Pendant qu'il parlait ainsi, Rubens regardait avec une profonde attention le médecin de Leyde. C'était un homme jeune encore et au front chauve; la barbe blonde qui couvrait sa poitrine formait un contraste bizarre avec son teint noir et brûlé par les fatigues et par le soleil du Nouveau-Monde. Rubens lut dans les rides qui sillonnaient avant le temps le front de l'inconnu des chagrins profonds, de ces chagrins qui décident de la destinée d'un homme. Tout à coup, une pensée illumina le front de l'artiste célèbre, jaillit de ses yeux en éclairs et fit imperceptiblement tressaillir tout son corps d'un mouvement électrique.

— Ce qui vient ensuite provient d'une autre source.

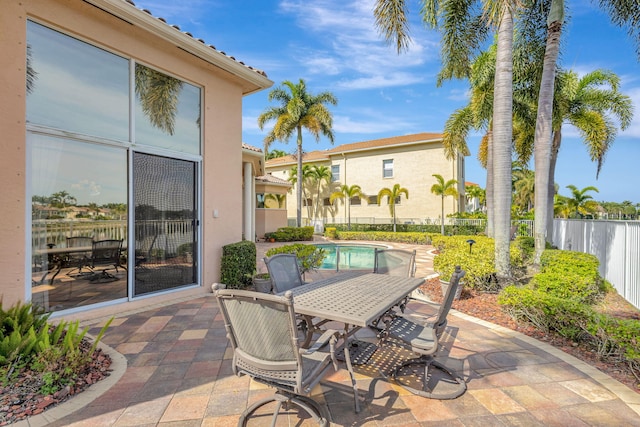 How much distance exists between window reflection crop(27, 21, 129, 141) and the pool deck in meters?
3.39

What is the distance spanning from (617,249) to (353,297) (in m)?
7.00

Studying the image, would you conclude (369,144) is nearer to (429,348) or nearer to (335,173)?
(335,173)

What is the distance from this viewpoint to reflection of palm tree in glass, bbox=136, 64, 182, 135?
562cm

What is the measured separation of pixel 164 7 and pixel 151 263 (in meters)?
5.46

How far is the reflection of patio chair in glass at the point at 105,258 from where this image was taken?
5.62m

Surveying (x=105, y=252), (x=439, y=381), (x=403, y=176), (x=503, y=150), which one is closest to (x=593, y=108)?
(x=503, y=150)

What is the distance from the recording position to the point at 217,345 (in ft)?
13.0

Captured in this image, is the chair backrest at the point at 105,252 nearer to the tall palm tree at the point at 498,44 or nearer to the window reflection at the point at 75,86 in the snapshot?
the window reflection at the point at 75,86

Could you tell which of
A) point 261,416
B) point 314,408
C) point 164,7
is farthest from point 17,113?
point 314,408

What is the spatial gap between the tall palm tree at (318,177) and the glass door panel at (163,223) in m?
22.1

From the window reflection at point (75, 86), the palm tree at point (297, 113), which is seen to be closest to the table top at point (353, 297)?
the window reflection at point (75, 86)

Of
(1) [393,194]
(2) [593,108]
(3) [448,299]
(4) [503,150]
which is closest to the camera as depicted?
(3) [448,299]

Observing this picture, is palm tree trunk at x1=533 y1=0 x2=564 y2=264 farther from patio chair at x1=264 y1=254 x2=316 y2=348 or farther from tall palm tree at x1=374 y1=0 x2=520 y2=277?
patio chair at x1=264 y1=254 x2=316 y2=348

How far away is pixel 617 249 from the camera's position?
6.71m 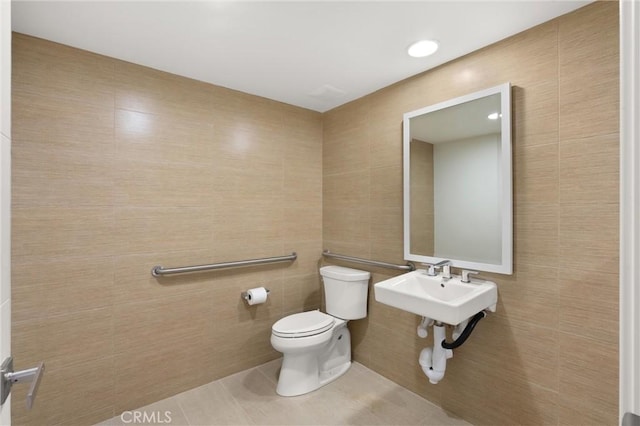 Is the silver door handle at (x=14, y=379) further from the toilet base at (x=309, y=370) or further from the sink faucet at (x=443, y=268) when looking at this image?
the sink faucet at (x=443, y=268)

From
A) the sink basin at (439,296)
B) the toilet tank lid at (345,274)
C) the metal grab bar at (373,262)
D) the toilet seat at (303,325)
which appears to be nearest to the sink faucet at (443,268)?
the sink basin at (439,296)

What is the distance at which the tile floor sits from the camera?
187 centimetres

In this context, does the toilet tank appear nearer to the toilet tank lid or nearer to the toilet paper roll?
the toilet tank lid

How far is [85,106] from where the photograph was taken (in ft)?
5.85

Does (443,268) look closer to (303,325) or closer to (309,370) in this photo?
(303,325)

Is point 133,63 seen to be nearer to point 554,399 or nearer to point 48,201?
point 48,201

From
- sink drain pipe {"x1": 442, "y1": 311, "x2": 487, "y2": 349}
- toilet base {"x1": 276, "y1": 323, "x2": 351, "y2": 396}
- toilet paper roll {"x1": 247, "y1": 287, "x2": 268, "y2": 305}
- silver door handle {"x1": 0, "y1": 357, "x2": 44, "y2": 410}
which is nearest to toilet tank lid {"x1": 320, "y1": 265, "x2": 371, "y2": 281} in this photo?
toilet base {"x1": 276, "y1": 323, "x2": 351, "y2": 396}

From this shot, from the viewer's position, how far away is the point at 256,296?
2.32 meters

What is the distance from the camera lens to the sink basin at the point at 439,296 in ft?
4.83

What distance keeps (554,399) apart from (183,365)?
2214mm

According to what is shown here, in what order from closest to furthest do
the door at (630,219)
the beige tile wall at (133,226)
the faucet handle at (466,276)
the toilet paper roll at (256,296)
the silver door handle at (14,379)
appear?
the door at (630,219), the silver door handle at (14,379), the beige tile wall at (133,226), the faucet handle at (466,276), the toilet paper roll at (256,296)

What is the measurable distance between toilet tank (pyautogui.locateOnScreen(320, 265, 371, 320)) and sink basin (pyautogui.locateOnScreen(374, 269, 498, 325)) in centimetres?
49

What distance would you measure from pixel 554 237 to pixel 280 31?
5.79 feet

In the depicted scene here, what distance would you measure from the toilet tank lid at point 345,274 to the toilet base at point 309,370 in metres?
0.42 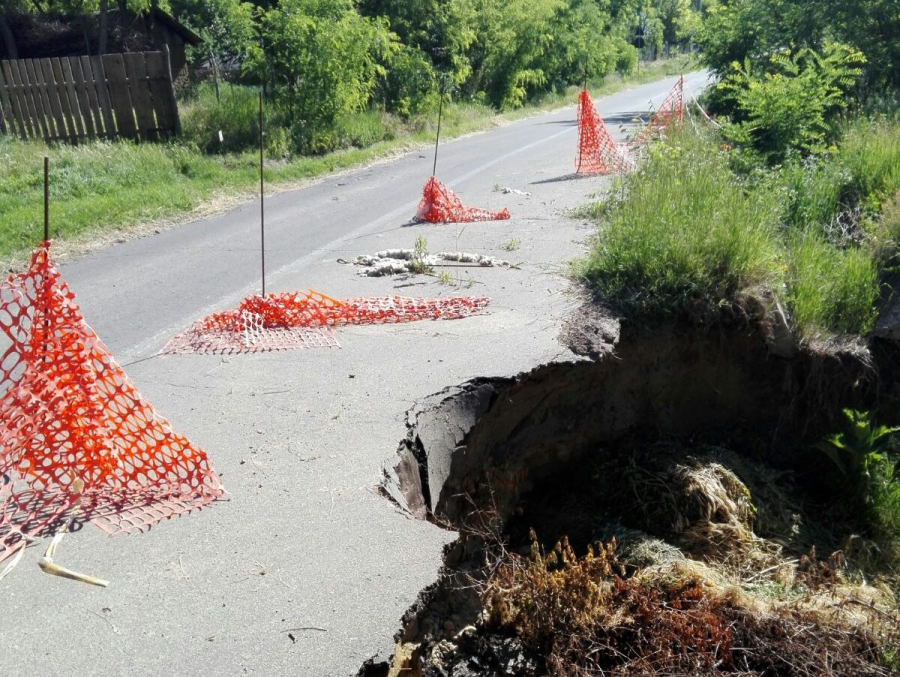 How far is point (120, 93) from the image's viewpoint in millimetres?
16250

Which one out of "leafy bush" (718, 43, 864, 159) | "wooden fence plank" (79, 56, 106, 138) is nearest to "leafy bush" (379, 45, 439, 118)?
"wooden fence plank" (79, 56, 106, 138)

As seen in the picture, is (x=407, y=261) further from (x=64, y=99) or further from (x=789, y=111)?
(x=64, y=99)

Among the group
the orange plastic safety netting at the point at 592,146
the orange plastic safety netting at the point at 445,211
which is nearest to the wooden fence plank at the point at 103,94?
the orange plastic safety netting at the point at 445,211

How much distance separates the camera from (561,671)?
367cm

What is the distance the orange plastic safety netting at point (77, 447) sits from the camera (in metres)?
4.10

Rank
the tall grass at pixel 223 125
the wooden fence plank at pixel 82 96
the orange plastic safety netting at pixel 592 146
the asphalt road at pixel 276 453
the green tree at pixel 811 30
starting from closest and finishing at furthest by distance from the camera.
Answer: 1. the asphalt road at pixel 276 453
2. the green tree at pixel 811 30
3. the orange plastic safety netting at pixel 592 146
4. the wooden fence plank at pixel 82 96
5. the tall grass at pixel 223 125

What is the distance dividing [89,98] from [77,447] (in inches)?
544

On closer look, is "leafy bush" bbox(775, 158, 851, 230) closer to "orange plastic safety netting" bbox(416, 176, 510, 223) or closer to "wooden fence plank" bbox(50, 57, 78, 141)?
"orange plastic safety netting" bbox(416, 176, 510, 223)

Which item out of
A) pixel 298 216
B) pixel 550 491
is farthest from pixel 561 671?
pixel 298 216

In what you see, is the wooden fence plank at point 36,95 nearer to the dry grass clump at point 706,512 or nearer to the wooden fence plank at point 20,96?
the wooden fence plank at point 20,96

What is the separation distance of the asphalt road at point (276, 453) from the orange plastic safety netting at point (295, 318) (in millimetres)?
199

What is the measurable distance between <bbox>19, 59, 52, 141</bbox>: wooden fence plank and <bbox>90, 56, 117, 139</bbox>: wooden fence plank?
1.02 m

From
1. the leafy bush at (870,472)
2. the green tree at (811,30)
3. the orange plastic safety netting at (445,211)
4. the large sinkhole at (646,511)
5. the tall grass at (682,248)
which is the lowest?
the leafy bush at (870,472)

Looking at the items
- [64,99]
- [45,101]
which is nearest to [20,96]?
[45,101] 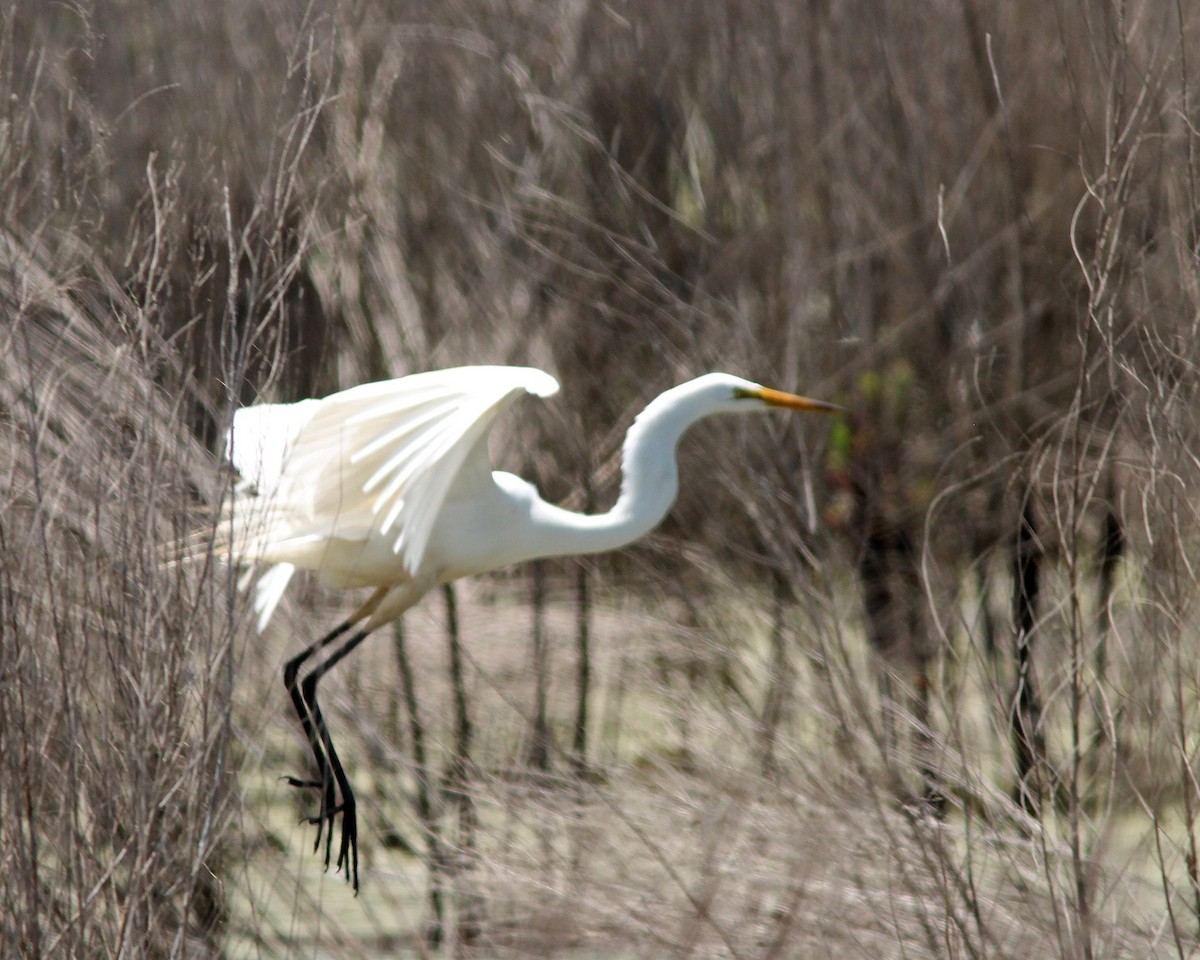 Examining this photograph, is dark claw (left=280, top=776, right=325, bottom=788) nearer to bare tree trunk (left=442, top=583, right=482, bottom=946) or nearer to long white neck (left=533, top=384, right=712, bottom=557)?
bare tree trunk (left=442, top=583, right=482, bottom=946)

—Je n'insisterai point, dit-il, et je vais retourner à Anvers; je dirai à la pauvre mère de mes filleules qu'elle n'a plus qu'à préparer le linceul de ses enfants.

Ces mots parurent produire sur le médecin le même effet que la pensée subite venue à Rubens avait produite sur l'illustre peintre: il tressaillit, à son tour, de tous ses membres et la pâleur se fit sentir sous son teint basané.

—Pauvre Thrée Borrekens! ajouta Rubens en suivant des yeux; l'effet qu'allaient produire ces nouvelles paroles; pauvre Thrée!

Le médecin pâlit plus visiblement encore, se leva avec précipitation et se mit à marcher à grands pas.

—Thrée Borrekens! répéta-t-il en se portant les mains au front! elle, mon Dieu!

—Cessons de feindre, interrompit Rubens d'une voix grave: je vous ai reconnu, mynheer Simon van Maast! Vous tenez entre vos mains l'existence de ma filleule, de la vôtre et de dame Thrée! Décidez! Doivent-elles vivre ou mourir?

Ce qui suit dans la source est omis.